グレース・ケリーとエルメスのカレ
1956年:すべてを変えたジェスチャー
1956年、グレース・ケリーは愛犬のプードル、オリバーを連れて有名なエルメスのスカーフを身につけていた。しかし、歴史に残ることになるのはこの写真ではない。
同年、グレース・ケリーはエルメスのスカーフを、骨折した腕を吊るすためのエレガントな装具として使った。それは実用的で、即興的なジェスチャーであり、偶然撮影されたものだった。しかし、この写真は世界中に広まり、エルメスのカレの地位を永遠に変えることになる。
グレース・ケリーとは?
オスカー女優であり、レーニエ3世大公と結婚してモナコの公妃となったグレース・ケリーは、ヨーロッパ貴族の気品を帯びたアメリカのエレガンスの理想を体現していた。アルフレッド・ヒッチコックは彼女をミューズとし、全世界が彼女に注目した。
彼女のスタイルは正確で、決して華美ではなく、常に適切だった。エルメスのカレはそれに完璧にフィットした。派手すぎず豪華で、冷たすぎずエレガントだった。
続く関係
これは単発の出来事ではなかった。グレース・ケリーは生涯を通じて定期的にエルメスのカレを身につけた。髪に結んだり、首に巻いたり、肩に羽織ったりした。
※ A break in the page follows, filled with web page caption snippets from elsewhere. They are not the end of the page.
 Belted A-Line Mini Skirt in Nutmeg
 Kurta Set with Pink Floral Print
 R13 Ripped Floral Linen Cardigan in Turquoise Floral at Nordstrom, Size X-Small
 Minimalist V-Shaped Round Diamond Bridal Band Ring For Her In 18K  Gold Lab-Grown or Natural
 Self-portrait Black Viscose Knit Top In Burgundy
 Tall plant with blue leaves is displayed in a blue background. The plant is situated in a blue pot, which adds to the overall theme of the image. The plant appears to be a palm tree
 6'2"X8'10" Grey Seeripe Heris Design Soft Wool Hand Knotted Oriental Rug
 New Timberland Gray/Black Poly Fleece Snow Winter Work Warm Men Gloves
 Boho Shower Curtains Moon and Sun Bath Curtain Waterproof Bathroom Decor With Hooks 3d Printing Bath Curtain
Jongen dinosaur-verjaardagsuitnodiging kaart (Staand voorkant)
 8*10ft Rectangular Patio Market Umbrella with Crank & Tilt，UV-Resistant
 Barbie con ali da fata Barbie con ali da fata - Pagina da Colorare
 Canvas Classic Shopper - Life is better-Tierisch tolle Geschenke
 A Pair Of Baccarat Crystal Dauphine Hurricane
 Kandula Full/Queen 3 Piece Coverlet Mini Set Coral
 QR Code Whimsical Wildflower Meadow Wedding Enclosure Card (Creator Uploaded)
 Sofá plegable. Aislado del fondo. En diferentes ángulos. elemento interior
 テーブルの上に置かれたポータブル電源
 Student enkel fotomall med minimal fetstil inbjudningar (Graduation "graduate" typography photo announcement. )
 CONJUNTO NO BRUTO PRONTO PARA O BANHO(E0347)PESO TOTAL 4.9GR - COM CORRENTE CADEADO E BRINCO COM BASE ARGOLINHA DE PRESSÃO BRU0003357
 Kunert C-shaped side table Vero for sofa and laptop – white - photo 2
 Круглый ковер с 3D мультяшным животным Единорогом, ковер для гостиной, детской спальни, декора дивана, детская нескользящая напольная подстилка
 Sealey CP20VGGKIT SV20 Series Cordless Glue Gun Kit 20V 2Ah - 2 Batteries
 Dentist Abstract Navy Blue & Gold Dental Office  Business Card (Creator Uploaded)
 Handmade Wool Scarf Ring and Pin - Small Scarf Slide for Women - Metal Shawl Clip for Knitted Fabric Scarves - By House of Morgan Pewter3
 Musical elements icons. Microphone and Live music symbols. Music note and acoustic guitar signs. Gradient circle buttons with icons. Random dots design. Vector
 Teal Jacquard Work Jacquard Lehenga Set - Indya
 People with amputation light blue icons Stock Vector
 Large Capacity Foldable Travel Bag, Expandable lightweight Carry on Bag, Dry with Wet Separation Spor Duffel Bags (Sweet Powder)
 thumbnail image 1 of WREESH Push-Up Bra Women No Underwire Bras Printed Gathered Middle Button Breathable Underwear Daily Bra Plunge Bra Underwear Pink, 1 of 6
登場するたびに、彼女のイメージとメゾンとの結びつきはさらに強まった。
2010年、ロンドンのヴィクトリア&アルバート博物館で開催されたグレース・ケリーをテーマにした大展覧会では、カレが主役となった。彼女が亡くなってから28年が経っても、グレース・ケリーとエルメスの絆は依然として強い。